Built around 1186 AD as a monastery temple, it was dedicated to King Jayavarman VII’s mother.


While many of the temples in the region were reassembled, La Prohm was left in its natural state with only a minimal amount of work done to prevent further collapse. The ruins are said to have a romantic atmosphere because of the intertwining trees growing through the structure.

Banteay Kdei

Built around 1200 AD its name means ‘Citadel of Many Chambers’.


It was constructed over another temple built 200 years earlier and has been left in its ruined stated.

Prasat Kravan

Dedicated to the Hindu God Vishnu, the small structure was built in 921 AD.


The name means ‘Cardamom Sanctuary’ after a tree that once stood in the compound.

Pre Rup

Built in 961 AD by the then King Rajendravarman as the centre of his capital city.


Pre Rup means ‘turning the body’ and is a cremation rite where the ashes of the dead are rotated at certain times during the ceremony. After the king’s death, the capital was moved back to Angkor.

Banteay Samre 

Constructed around 1130 AD its main tower is the same as those at Angkor Wat although it has many similarities to temples of northern Thailand.


East Mebon

East Mebon temple is known as the Elephant Temple because of the several elephant statues around the structure.

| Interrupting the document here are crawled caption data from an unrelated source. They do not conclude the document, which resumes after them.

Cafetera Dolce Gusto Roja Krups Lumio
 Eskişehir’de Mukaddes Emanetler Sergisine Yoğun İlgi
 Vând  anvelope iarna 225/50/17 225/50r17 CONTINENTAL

It was built as an island on the now dry East Baray, a water reservoir measuring 7.5 kilometres by 1.8 kilometres.

Ta Som

This small temple is said to be a miniature version of Ta Prohm or Banteay Kdei temples. It is known as Gaurasrigajaratna – the Jewel of the Propitious White Elephant.


Neak Poan

Near Poan is a small monument at the centre of a large pond, which is at the centre of a further four smaller ponds.


Build in the late 12th century it was built on an island in a water reservoir. It is speculated to represent a sacred Himalayan lake said to hold healing waters with four rivers running from it.

Preah Khan

This large temple was also a Buddhist university with more than a thousand teachers.


It was said to have been built on a lake of blood, the site of a major battle to recapture Angkor from the Cham empire, where the Cham King was slain.

Pub Street and Night Markets
One day is just not enough to see all the temple ruins, and even in two days I only saw 13 of the 53. But after two days out on a tuk-tuk in the heat and intense humidity I was templed out.

At night Siem Reap lights up around two main areas, Pub Street and the Night Markets. You can tell when you’re in the area because of the large neon signs announcing them. Overall, it’s very touristic with many restaurants, bars and markets.


Next, it’s time to leave Cambodia and head back to Thailand.